Filsafat dibutuhkan dalam
kehidupan manusia, karena dengan filsafat ditemukan hakikat sesuatu, apa,
kenapa, dimana, bagaimana cara mendapatnya, apa kegunaannya. Dengan demikian
problem-problem dalam kehidupan manusia dapat ditemukan akar masalahnya,
solusinya dan mengantisipasi munculnya problem yang sama di hari kemudian.
Ilmu pendidikan sebagai suatu
disiplin ilmu dan beberapa cabangnya, menjadi kebutuhan umat manusia, karena
dengan pendidikan, transfomasi ilmu pengetahuan dan kebudayaan dapat diwariskan
kegenerasi berikutnya. Sejalan dengan perkembangan kebutuhan manusia,
perkembangan teknologi dan ilmu pengetahuan, tentunya berkembang pula ilmu
pendidikan mengiringi perkembangan jaman tersebut. Perkembangan ini menyangkut
filosofi pendidikan, muatan materi, metodologi, media dan sumber belajar yang
muaranya bagaimana agar proses transformasi budaya itu dinamis sehingga tujuan
transformasi itu sendiri tercapai.
Sebagai sebuah proses,
pembelajaran dihadapkan pada beragam permasalahan atau problematika.

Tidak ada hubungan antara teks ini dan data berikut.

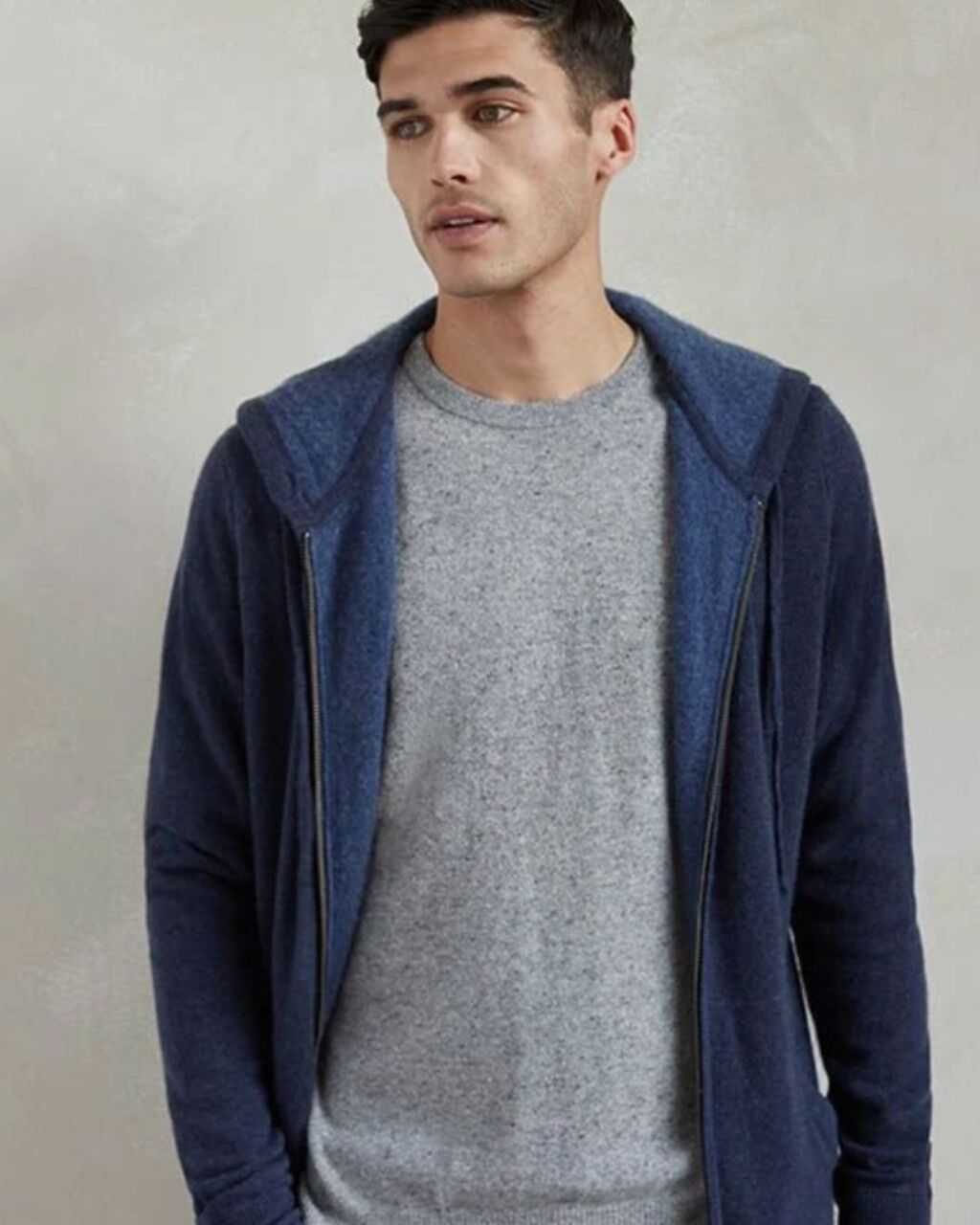 New York, Business, Buy Cashmere Hoodie In Martha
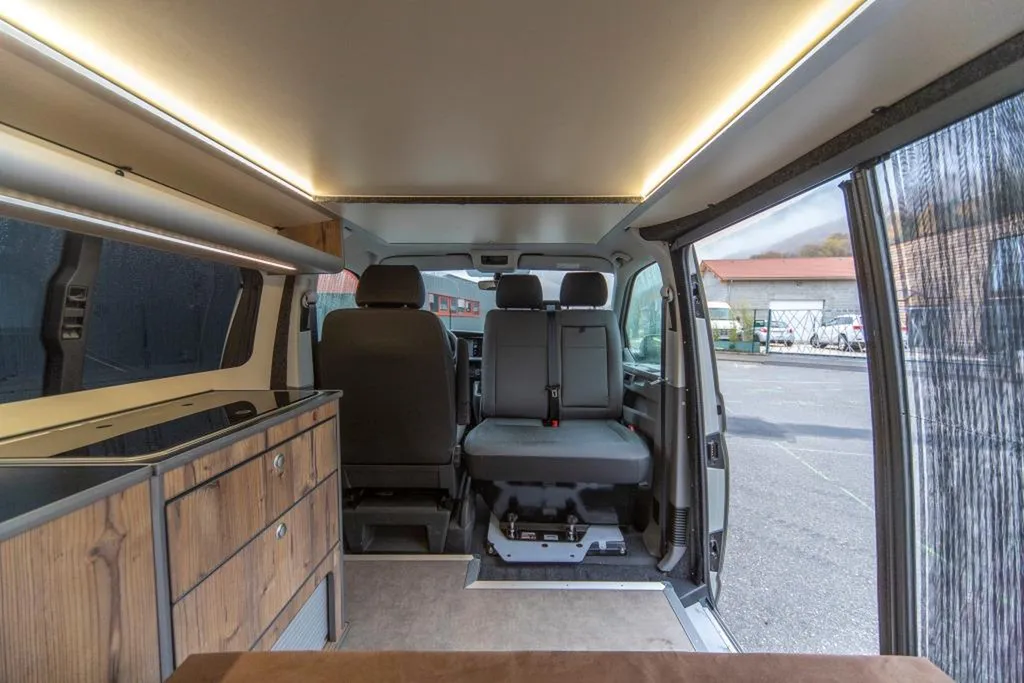 Aménagement VW T6.1 Court sur-mesure à Lyon : van compact à finition bois vieilli et suédine pour le Rhône
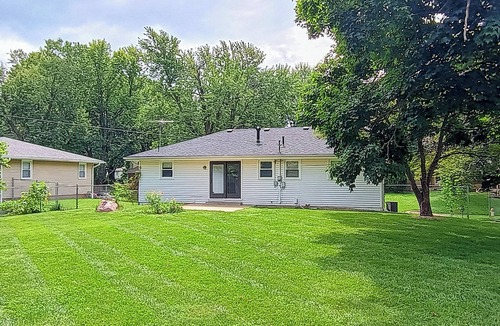Buchanan County House | Clean 2 Bedroom House w/Office Near Mosaic and Mo West University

Problematika pembelajaran adalah berbagai permasalahan
yang mengganggu, menghambat, mempersulit, atau bahkan mengakibatkan
kegagalan dalam mencapai tujuan pembelajaran.
Problematika pembelajaran dapat
ditelusuri dari jalannya proses dasar pembelajaran. Secara umum, proses
pembelajaran dapat ditelusuri dari faktor-faktor yang mempengaruhi proses
pembelajaran.
Pembelajaran pada dasarnya
merupakan usaha mengubah atau meningkatkan potensi seseorang, calon
siswa (raw input) menjadi pribadi baru (raw output) dengan kualitas
tertentu. Pembelajaran mengubah sikap, prilaku dan kemampuan seseorang dari
tidak tahu menjadi tahu, dari tidak mampu menjadi mampu. Pembelajaran juga
berarti meningkatkan potensi seseorang dari sedikit tahu menjadi
lebih banyak tahu, bahkan dari kurang baik menjadi lebih baik melalui
proses belajar yang dijalani.
Banyak permasalahan yang terjadi dalam dunia pendidikan
khususnya dalam proses pembelajaran, misalnya permasalahan kurikulum, kompetensi
guru, sarana prasarana, proses pembelajaran, penilaian, peserta didik, media
pembelajaran, bahan ajar (buku), model pembelajaran, dan seterusnya. Tetapi
dalam makalah ini, penulis fokus pada problematika pembelajaran.
B. Rumusan Masalah
Problematika pembelajaran yang dimaksudkan penulis
adalah:
1.
Apa yang dimaksud dengan problematika dalam proses
pembelajaran?
2.
Apa saja problematika pembelajaran kaitannya dengan
kurikulum dan bagaimana solusinya?
3.
Apa saja problematika pembelajaran kaitannya dengan
proses pembelajaran dan bagaimana solusinya?
4.
Apa saja problematika pembelajaran kaitannya dengan
profesionalitas pendidik dan bagaimana solusinya?
5.
Apa saja problematika pembelajaran PAI kaitannya dengan
kesiapan siswa dalam pembelajaran dan bagaimana solusinya ?
BAB II
PEMBAHASAN
A. Problem pembelajaran dan solusinya ditinjau
dari epistemologinya
1. Pengertian epistemologi
Kata epistemologi berasal dari
Bahasa Yunani episteme yang berarti pengetahuan, dan logos yang berarti kata,
pikiran, percakapan atau ilmu.
Pokok persoalan epistimologis
meliputi sumber, asal mula, dan sifat dasar pengetahuan, bidang, batas dan
jangkauan pengetahuan, serta validitas berbagai klaim terhadap pengetahuan.
Menurut Azzumardi Azra
menambahkan, bahwa epistemologi sebagai “ilmu yang membahas tentang keaslian,
pengertian, struktur, metode dan validitas ilmu pengetahuan”
John A. Laska merumuskan
pendidikan sebagai “upaya sengaja yang dilakukan pelajar atau (yang
disertai-ed) orang lainnya untuk mengontrol (atau memandu, mengarahkan,
mempengaruhi dan mengelola) situasi belajar agar dapat meraih hasil belajar
yang diinginkan”.
Epistemologi apabila dikaitkan
dengan probelamatika pembelajaran, mengandung arti upaya, cara, atau
langkah-langkah untuk mengetahui problematika yang terjadi dalam pembelajaran.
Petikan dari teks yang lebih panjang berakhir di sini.